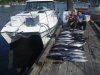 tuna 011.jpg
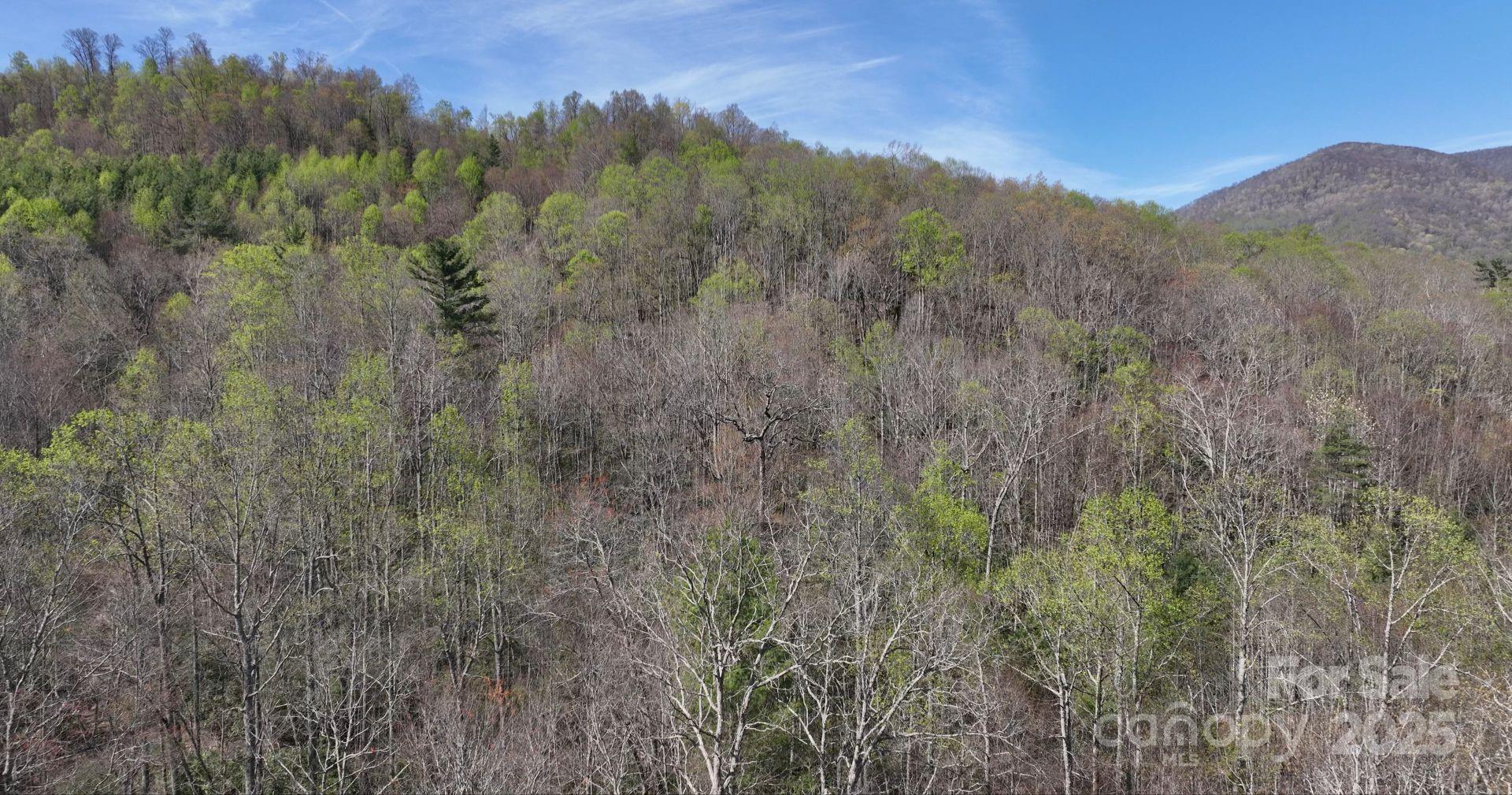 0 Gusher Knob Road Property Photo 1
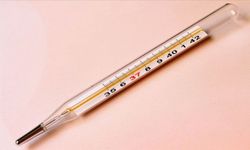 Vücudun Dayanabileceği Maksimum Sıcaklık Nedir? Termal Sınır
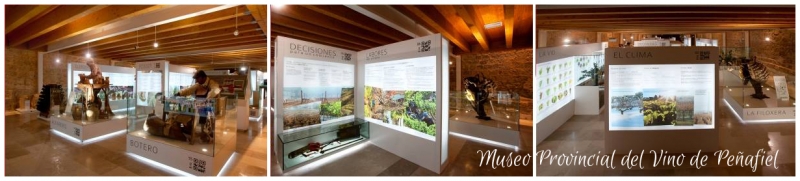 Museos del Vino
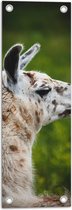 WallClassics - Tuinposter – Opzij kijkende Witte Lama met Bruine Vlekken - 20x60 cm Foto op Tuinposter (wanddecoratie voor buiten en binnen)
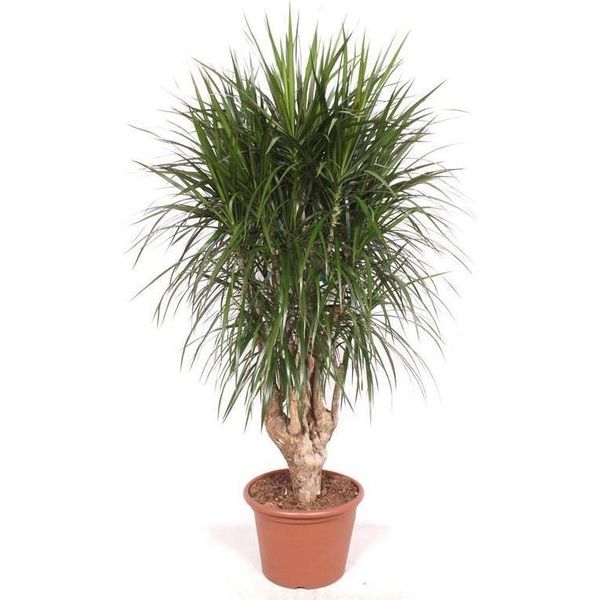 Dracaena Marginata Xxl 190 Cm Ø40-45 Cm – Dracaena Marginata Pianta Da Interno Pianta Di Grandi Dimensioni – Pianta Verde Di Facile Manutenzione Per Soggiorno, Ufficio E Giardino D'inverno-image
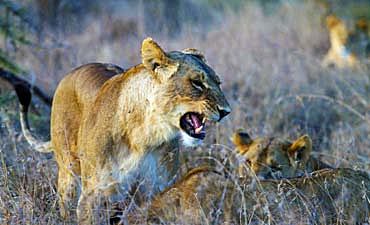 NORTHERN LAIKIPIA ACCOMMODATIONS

-- About this task --
What the answer needs is every line from the one with "0 Gusher Knob Road Property Photo 1" through the last line of the data, reproduced word for word and with pictures omitted.

-- Task solution --
 0 Gusher Knob Road Property Photo 1
 Vücudun Dayanabileceği Maksimum Sıcaklık Nedir? Termal Sınır
 Museos del Vino
 WallClassics - Tuinposter – Opzij kijkende Witte Lama met Bruine Vlekken - 20x60 cm Foto op Tuinposter (wanddecoratie voor buiten en binnen)
 Dracaena Marginata Xxl 190 Cm Ø40-45 Cm – Dracaena Marginata Pianta Da Interno Pianta Di Grandi Dimensioni – Pianta Verde Di Facile Manutenzione Per Soggiorno, Ufficio E Giardino D'inverno-image
 NORTHERN LAIKIPIA ACCOMMODATIONS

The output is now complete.